Execution time for conditional jumps on the Intel 8080

Question

On the Intel 8080, all conditional instructions have varying execution time depending on whether the condition is true or not, except conditional jumps. Why is this?

The Intel 8085 changes this; there, all conditional instructions are faster in cycles (but not necessarily in states), and conditional jumps now have varying execution time too, with the 8080 cycles/states being the worst case (ie. if the condition is true).

The Intel 8085 Programming Manual partly answers this:

Execution of conditional instructions on the 8085 differs from the 8080. The 8080 fetches all three instruction bytes whether or not the condition is satisfied. The 8085 evaluates the condition while it fetches the second instruction byte. If the specified condition is not satisfied, the 8085 skips over the third instruction byte and immediately fetches the next instruction. Skipping the unnecessary byte allows for faster execution.

So on the 8080, all conditionals fetch the third byte regardless of whether the condition is satisfied, but this doesn't really answer why all conditionals on the 8080 vary in execution time except jumps. Obviously jumps are much quicker to execute than calls and returns; if a conditional call or return is true, stack manipulation is needed. But how can setting the PC for a jump be done in "zero time"? What is the technical reason for that?

I noted that later on the manual says the following:

Notice that two sets of cycle/state specifications are given for 8085 conditional call and jump instructions. This is because the 8085 fetches the third instruction byte only if it is actually needed; i.e., the specified condition is satisfied.

I'm not sure why it mentions conditional call here, since that also had varying execution time on the 8080; conditional returns also have two sets of cycle/state specifications on the 8085 for obvious reasons.

Answer 1

I'm not really clear what the underlaying problem/question is, as you already cite all relevant information to answer waht seams to be the question. Thus it's hard to give a straight answer, meaning I have to 'swing along' - so maybe lets start with an

Instruction Overview

To start with, let's look at the cycle data:

                      8080               8085
Branching             Cycles/States      Cycles/States
Instruction   Bytes   Taken  Not-Taken   Taken  Not-Taken
JMP             3     3/10   ---         3/10   ---
Jcond           3     3/10   3/10        3/10   2/7 
CALL            3     5/17   ---         5/18   ---
Ccond           3     5/17   3/11        5/18   2/9
RET             1     3/10   ---         3/10   ---
Rcond           1     3/11   1/5         3/12   1/6

Notable here that Intel summarises all PC changing instruction (these plus RST and PCHL) under Branching Instructions.
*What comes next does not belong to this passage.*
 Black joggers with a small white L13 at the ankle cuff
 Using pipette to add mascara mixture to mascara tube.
Principle Operation (8080)

To understand a 80-style (*1) CPU working it's important to keep in mind that it's organized as

• (1) Instruction cycle, execution of a single instruction, consisting of
• (1..5) Machine cycle(s) (Mx), each doing one memory access, read or write (*2), consisting of
• (3..5) Clock cycles (Tx), called T(ransition)-states, made up from
• Two non overlapping clocks Phi1/Phi2 (*3)

For this we can ignore the Phi1/2 clocks - they are only relevant if one wants to dissect how registers are loaded (*4).
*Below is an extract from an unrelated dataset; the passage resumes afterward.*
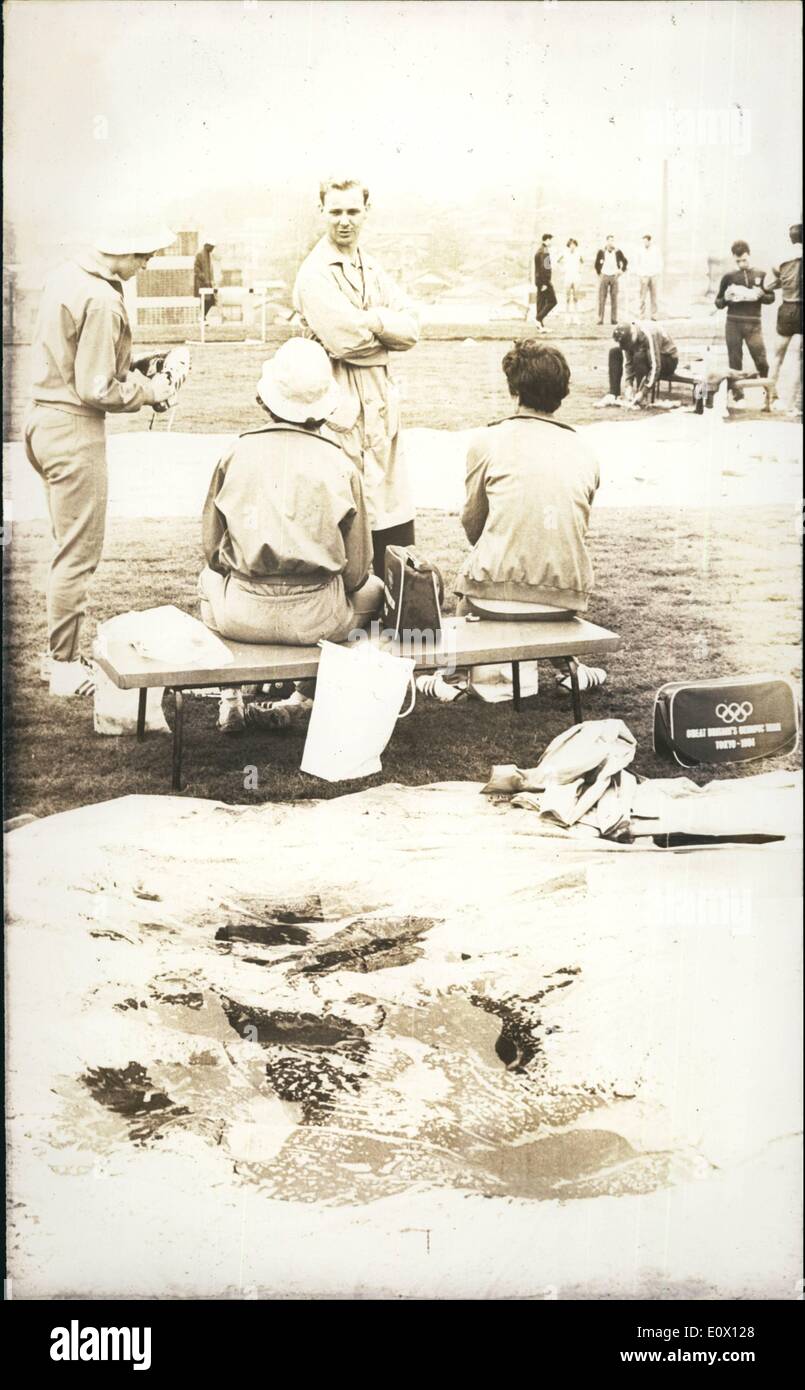 Ottobre 10, 1964 - Formazione allagata via.: teli in plastica fissati sulla formazione via del villaggio olimpico di provare e proteggerlo dalla pioggia che ha allagato i binari. Quattro membri della Gran Bretagna;s team olimpico di discutere la possibilità di fare un po' di allenamento sul imbevuto via. Foto Stock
Within an instruction the machine cycles are simply numbered in order as M1..M5. There are 10 types (*5). For branching only 5 are relevant:

• Instruction Fetch
• Memory Read
• Memory Write
• Stack Read
• Stack Write

Further it's helpful to have a look at the internal structure:

(Taken from p.4-2 of the 1979 MCS-80/85 Family User's Manual)

Please not the yellow marked registers, especially W and Z but as well TMP and the buffers.

M1 Cycle

The first M-cycle is always instruction fetch and execution and takes 4/5 clock cycles. 3 to fetch the opcode, one or two to perform the operation.

• T1 - Output Address Word (PC) and Status Word
• T2 - Increment PC
• T3 - Read Opcode
• T4 - Execute (always)
• T5 - Execute (some instructions)

Interesting for timing considerations is T4/T5. They cover are 3 different workings.

• Only T4, No operation. Usually with instructions loading data later on.

• Only T4 for internal operation. For example all ALU operation load A into the ALU latch, the ones using register as second operand load it into TMP.

• T4 and T5 for internal operation. For example move instructions between registers move the source register content in T4 into TMP and in T5 into destination register.

M1-and-a-halve Cycle

A detail often overlooked is that the 8080 does do pipelining. All single byte ALU (*6) operations (i.e. with no operand or a register operand) will be finished in T2 of the following M1 (fetch) cycle, as the ALU result will only then be copied into A.

M2 Cycle

Depending on the instruction this will read/write memory and optional increment the PC.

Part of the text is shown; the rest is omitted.